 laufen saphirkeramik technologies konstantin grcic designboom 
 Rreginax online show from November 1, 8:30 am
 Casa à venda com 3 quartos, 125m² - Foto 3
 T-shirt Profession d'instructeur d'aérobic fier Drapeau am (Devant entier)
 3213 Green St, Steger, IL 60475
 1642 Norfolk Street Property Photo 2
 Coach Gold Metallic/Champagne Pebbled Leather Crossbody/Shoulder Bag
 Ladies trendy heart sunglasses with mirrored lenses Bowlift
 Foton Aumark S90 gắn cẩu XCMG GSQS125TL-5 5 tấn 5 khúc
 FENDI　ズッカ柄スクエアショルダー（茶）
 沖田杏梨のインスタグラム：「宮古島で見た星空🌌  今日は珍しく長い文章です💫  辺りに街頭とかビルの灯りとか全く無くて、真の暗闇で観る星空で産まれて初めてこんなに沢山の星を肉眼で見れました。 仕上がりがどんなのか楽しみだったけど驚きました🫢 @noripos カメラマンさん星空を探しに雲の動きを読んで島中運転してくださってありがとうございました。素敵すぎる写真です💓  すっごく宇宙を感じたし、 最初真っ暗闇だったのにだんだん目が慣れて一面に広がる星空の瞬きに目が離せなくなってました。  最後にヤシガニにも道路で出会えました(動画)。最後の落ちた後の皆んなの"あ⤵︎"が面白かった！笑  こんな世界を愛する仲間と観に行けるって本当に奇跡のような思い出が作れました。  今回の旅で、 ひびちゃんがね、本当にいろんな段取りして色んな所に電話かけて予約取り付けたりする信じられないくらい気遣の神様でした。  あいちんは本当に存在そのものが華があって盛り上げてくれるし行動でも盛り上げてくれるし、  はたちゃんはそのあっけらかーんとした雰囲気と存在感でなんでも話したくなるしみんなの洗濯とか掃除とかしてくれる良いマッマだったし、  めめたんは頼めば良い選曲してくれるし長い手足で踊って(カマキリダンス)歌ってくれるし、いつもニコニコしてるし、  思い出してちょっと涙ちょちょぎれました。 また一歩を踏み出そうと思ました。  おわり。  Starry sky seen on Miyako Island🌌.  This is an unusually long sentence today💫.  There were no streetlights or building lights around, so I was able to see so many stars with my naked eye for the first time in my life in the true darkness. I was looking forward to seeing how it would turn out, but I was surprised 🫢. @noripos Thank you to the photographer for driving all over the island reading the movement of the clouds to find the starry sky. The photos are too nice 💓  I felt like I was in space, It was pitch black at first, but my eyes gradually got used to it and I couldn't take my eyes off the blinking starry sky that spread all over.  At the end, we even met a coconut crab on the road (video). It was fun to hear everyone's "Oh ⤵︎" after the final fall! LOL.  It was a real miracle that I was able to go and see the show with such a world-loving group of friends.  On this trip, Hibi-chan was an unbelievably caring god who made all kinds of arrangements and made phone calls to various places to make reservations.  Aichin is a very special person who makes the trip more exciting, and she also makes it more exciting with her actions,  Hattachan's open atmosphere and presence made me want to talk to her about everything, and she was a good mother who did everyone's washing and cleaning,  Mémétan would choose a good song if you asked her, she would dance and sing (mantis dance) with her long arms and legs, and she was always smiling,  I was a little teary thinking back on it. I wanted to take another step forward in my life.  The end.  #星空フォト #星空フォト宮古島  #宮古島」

◆ Task directions ◆
Nothing in the data may be left out; copy every line exactly.

◆ Task output ◆
 laufen saphirkeramik technologies konstantin grcic designboom 
 Rreginax online show from November 1, 8:30 am
 Casa à venda com 3 quartos, 125m² - Foto 3
 T-shirt Profession d'instructeur d'aérobic fier Drapeau am (Devant entier)
 3213 Green St, Steger, IL 60475
 1642 Norfolk Street Property Photo 2
 Coach Gold Metallic/Champagne Pebbled Leather Crossbody/Shoulder Bag
 Ladies trendy heart sunglasses with mirrored lenses Bowlift
 Foton Aumark S90 gắn cẩu XCMG GSQS125TL-5 5 tấn 5 khúc
 FENDI　ズッカ柄スクエアショルダー（茶）
 沖田杏梨のインスタグラム：「宮古島で見た星空🌌  今日は珍しく長い文章です💫  辺りに街頭とかビルの灯りとか全く無くて、真の暗闇で観る星空で産まれて初めてこんなに沢山の星を肉眼で見れました。 仕上がりがどんなのか楽しみだったけど驚きました🫢 @noripos カメラマンさん星空を探しに雲の動きを読んで島中運転してくださってありがとうございました。素敵すぎる写真です💓  すっごく宇宙を感じたし、 最初真っ暗闇だったのにだんだん目が慣れて一面に広がる星空の瞬きに目が離せなくなってました。  最後にヤシガニにも道路で出会えました(動画)。最後の落ちた後の皆んなの"あ⤵︎"が面白かった！笑  こんな世界を愛する仲間と観に行けるって本当に奇跡のような思い出が作れました。  今回の旅で、 ひびちゃんがね、本当にいろんな段取りして色んな所に電話かけて予約取り付けたりする信じられないくらい気遣の神様でした。  あいちんは本当に存在そのものが華があって盛り上げてくれるし行動でも盛り上げてくれるし、  はたちゃんはそのあっけらかーんとした雰囲気と存在感でなんでも話したくなるしみんなの洗濯とか掃除とかしてくれる良いマッマだったし、  めめたんは頼めば良い選曲してくれるし長い手足で踊って(カマキリダンス)歌ってくれるし、いつもニコニコしてるし、  思い出してちょっと涙ちょちょぎれました。 また一歩を踏み出そうと思ました。  おわり。  Starry sky seen on Miyako Island🌌.  This is an unusually long sentence today💫.  There were no streetlights or building lights around, so I was able to see so many stars with my naked eye for the first time in my life in the true darkness. I was looking forward to seeing how it would turn out, but I was surprised 🫢. @noripos Thank you to the photographer for driving all over the island reading the movement of the clouds to find the starry sky. The photos are too nice 💓  I felt like I was in space, It was pitch black at first, but my eyes gradually got used to it and I couldn't take my eyes off the blinking starry sky that spread all over.  At the end, we even met a coconut crab on the road (video). It was fun to hear everyone's "Oh ⤵︎" after the final fall! LOL.  It was a real miracle that I was able to go and see the show with such a world-loving group of friends.  On this trip, Hibi-chan was an unbelievably caring god who made all kinds of arrangements and made phone calls to various places to make reservations.  Aichin is a very special person who makes the trip more exciting, and she also makes it more exciting with her actions,  Hattachan's open atmosphere and presence made me want to talk to her about everything, and she was a good mother who did everyone's washing and cleaning,  Mémétan would choose a good song if you asked her, she would dance and sing (mantis dance) with her long arms and legs, and she was always smiling,  I was a little teary thinking back on it. I wanted to take another step forward in my life.  The end.  #星空フォト #星空フォト宮古島  #宮古島」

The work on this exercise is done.